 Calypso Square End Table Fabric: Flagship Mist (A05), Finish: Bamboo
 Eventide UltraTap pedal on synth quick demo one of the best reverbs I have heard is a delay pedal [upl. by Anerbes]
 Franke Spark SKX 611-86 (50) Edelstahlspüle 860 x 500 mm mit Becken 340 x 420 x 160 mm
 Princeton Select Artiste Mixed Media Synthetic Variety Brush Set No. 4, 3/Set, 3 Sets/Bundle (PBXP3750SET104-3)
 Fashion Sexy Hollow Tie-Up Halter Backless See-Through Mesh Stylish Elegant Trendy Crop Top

□ □ □

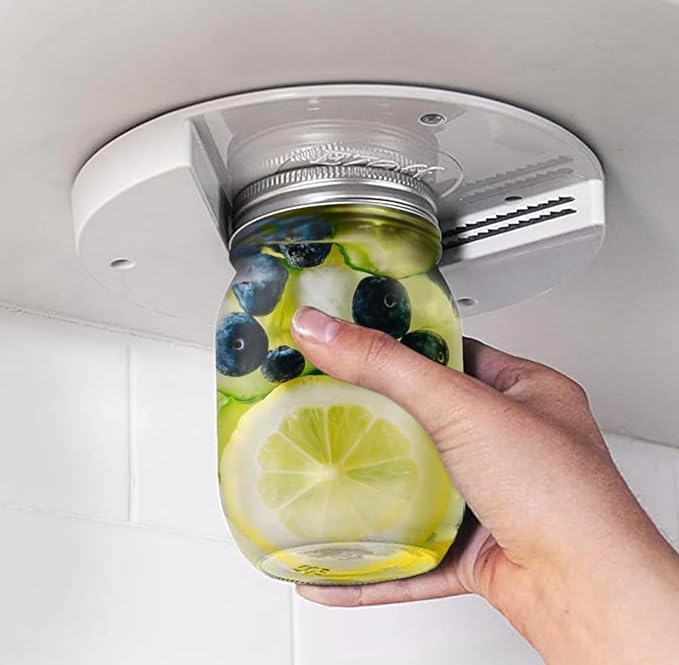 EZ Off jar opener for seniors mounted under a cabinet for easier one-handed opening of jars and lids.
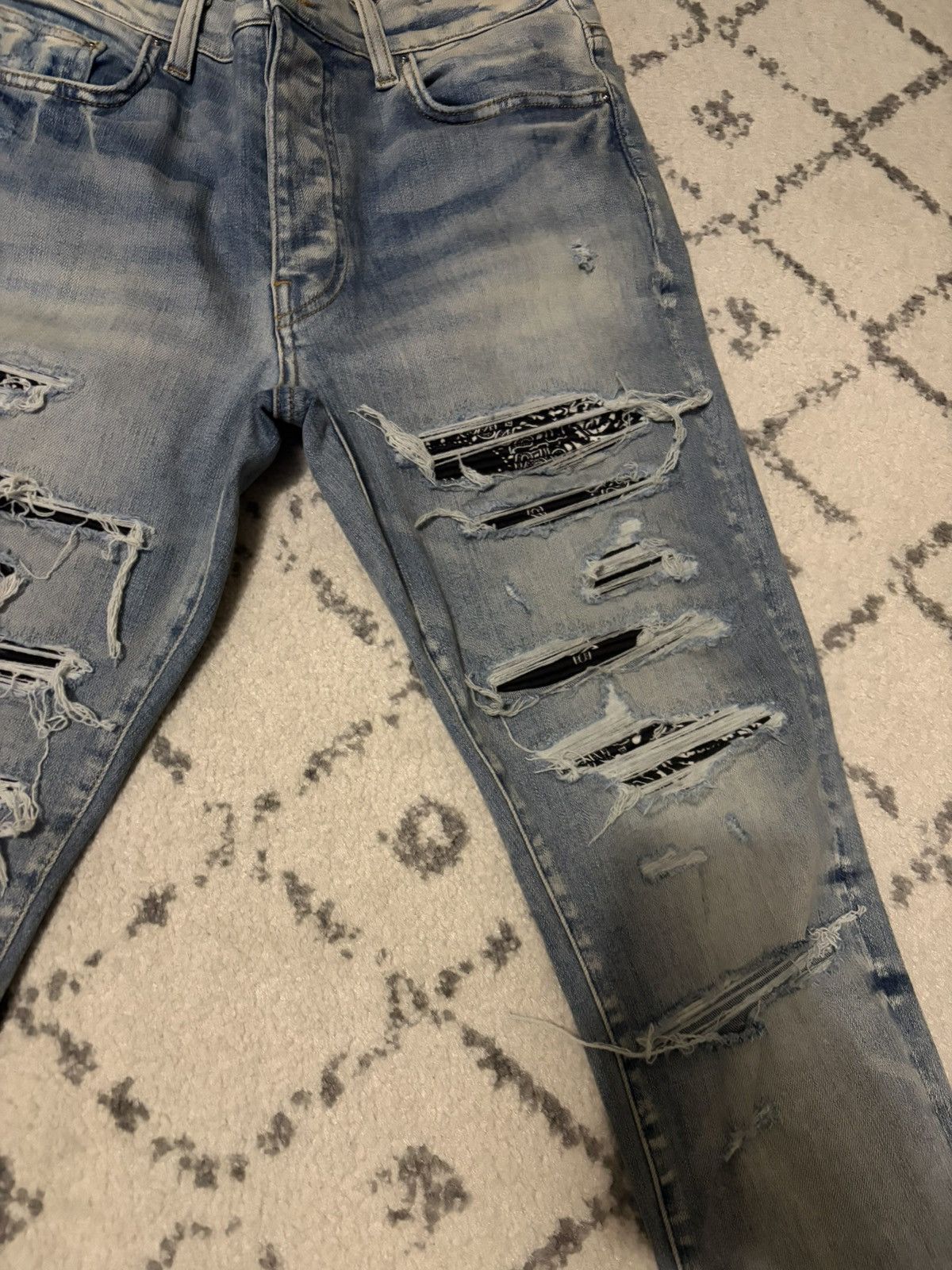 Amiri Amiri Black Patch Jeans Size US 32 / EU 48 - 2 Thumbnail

□ □ □

Your instructions:
Taking the records above, retype every line from the one with "Calypso Square End" down to the one with "Fashion Sexy Hollow", exactly and with nothing else.

Solution for this problem:
 Calypso Square End Table Fabric: Flagship Mist (A05), Finish: Bamboo
 Eventide UltraTap pedal on synth quick demo one of the best reverbs I have heard is a delay pedal [upl. by Anerbes]
 Franke Spark SKX 611-86 (50) Edelstahlspüle 860 x 500 mm mit Becken 340 x 420 x 160 mm
 Princeton Select Artiste Mixed Media Synthetic Variety Brush Set No. 4, 3/Set, 3 Sets/Bundle (PBXP3750SET104-3)
 Fashion Sexy Hollow Tie-Up Halter Backless See-Through Mesh Stylish Elegant Trendy Crop Top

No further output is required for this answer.